Monday, March 14, 2016

One of my friends...

...just sent me this email:

Mike, all your readers will be interested in your first-hand reports of the called-off Trump rally!

So I guess someone's reading this blog after all.

I have to admit, ever since I got back from California last week I've been struggling with writer's block. I've always gotten over it in the past so I'm sure I'll be back in business before too long. And, if not, well, I've been writing this thing since '08 -- maybe I'm finally running out of gas. (I doubt it, though; people in my family are pretty opinionated.)

So I'll get to work on that post about the rally real soon.

In the meantime, I had an interesting conversation with one of my neighbors on Friday afternoon about -- who else? -- Donald Trump. She and her husband are super-nice people but I had a sneaking suspicion they were Fox News watchers (which is very unusual for this neighborhood). We were talking about the Donald and she made reference to some right-wing talking points:

But what if Democrats cross over and vote for Trump?
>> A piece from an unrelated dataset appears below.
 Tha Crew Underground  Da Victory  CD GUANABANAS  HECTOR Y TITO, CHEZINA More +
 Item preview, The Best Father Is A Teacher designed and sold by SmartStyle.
What about the missing white vote from 2012?


I tried to tell her that the math just wasn't there. To put it bluntly, there aren't enough white people. 

Dan Balz, writing in the Washington Post, says (all emphasis mine):

...if the next GOP nominee wins the same share of the white vote as Mitt Romney won in 2012 (59 percent), he or she would need to win 30 percent of the nonwhite vote.

Romney won only 17 percent of nonwhite voters in 2012. John McCain won 19 percent in 2008. George W. Bush won 26 percent in 2004.

If the nonwhites I saw on Friday night are any indication, Trump will do worse among this demographic than Romney.

Or this from Politico:

The math suggests Trump would need a whopping 70 percent of white male voters to cast their ballots for him. That’s a larger percentage than Republicans have ever won before — more than the GOP won in the landslide victories of Ronald Reagan and George H.W. Bush, and far more than they won during the racially polarized elections of Barack Obama.

The overwhelming fact about American general elections right now is that white male voters just aren’t as powerful as they used to be. In 1980, when the electorate looked very different than it does today, Ronald Reagan cruised to an easy victory by winning 63 percent of white males, according to exit polls. In 1988, George H.W. Bush took 63 percent of that group in his rout of Michael Dukakis.

By 2004, however, winning 62 percent of white men barely got George W. Bush past John Kerry in a squeaker. And eight years later, Romney won 62 percent of white men—and lost to Barack Obama by 3.5 million votes.

So what happened? Between Reagan and Romney, the white male share of the total vote had dropped from 45 percent to 35 percent. The two biggest factors: From Reagan to Romney, Hispanics’ share of the national vote soared from 2 percent to 10 percent; and women, post-feminism, jumped from casting 49 percent of all ballots to 53 percent. Winning the same percentage of white men got the party less and less. And those changes have continued. It will get the GOP even less this year. That’s why Trump needs to jack the number up so high. 

(I remember reading somewhere that, with current demographics, Jimmy Carter would crush Ronald Reagan. Chew on that!)

Barring a recession or a terrorist attack between now and November, Hillary (or Bernie) has the upper hand in the general election. And no amount of wishful thinking is going to change that.